Looking back at a development process throughout a generation of wireless communication, a technology has been developed primarily for a human-targeted service such as voice, multimedia, data and the like. Connected devices, which are experiencing an explosive increase after commercialization of the 5th Generation (5G) communication system, are expected to be connected to a communication network. An example of an object connected to the network may include a vehicle, a robot, a drone, a home appliance, a display, a smart sensor installed in various infrastructures, construction machinery, factory equipment, and the like. A mobile device is expected to evolve into various form factors such as augmented reality glasses, a virtual reality headset, a hologram device and the like. An effort is being achieved to develop an improved 6G communication system to provide various services by connecting hundreds of billions of devices and objects in a 6th Generation (6G) era. For this reason, a 6G communication system is called a system beyond 5G communication.

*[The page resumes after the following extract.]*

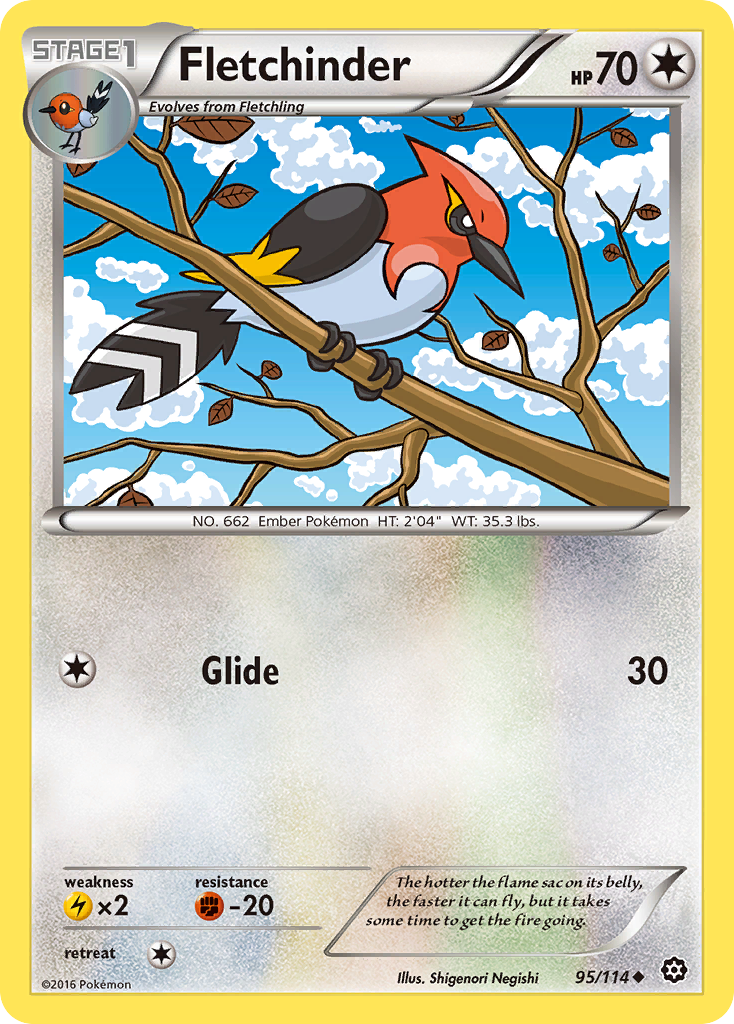 Fletchinder (95/114) [XY: Steam Siege] - The Mythic Store | 24h Order Processing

In the 6G communication system, which is expected to be realized around the year 2030, maximum transmission speed is tera (i.e., 1,000 giga) bits per second (bps) and wireless delay time is 100 microseconds (psec). That is, transmission speed in the 6G communication system is 50 times faster than the 5G communication system, and the wireless delay time is reduced to one-tenth.

To achieve this high data transmission speed and ultra low latency, the 6G communication system is being considered for implementation in a terahertz (THz) band (e.g., such as a band from 95 gigahertz (GHz) to 3 terahertz (THz)). The terahertz band is expected to be more important in a technology to ensure signal reachability, which is coverage, due to more severe path loss and atmospheric absorption compared to a millimeter wave (mmWave) band introduced in 5G. As a key technology to ensure coverage, new waveform beamforming and a multiple antenna transmission technology such as, massive Multiple-Input and Multiple-Output (MIMO), Full Dimensional MIMO (FD-MIMO), an array antenna, and a large scale antenna, and the like, which are superior in terms of coverage than Orthogonal Frequency Division Multiplexing (OFDM), an antenna, and a Radio Frequency element, should be developed. Additionally, new technologies such as metamaterial-based lens and antenna, high-dimensional spatial multiplexing technology using Orbital Angular Momentum (OAM), Reconfigurable Intelligent Surface (RIS), and the like are being discussed to improve coverage of a terahertz band signal.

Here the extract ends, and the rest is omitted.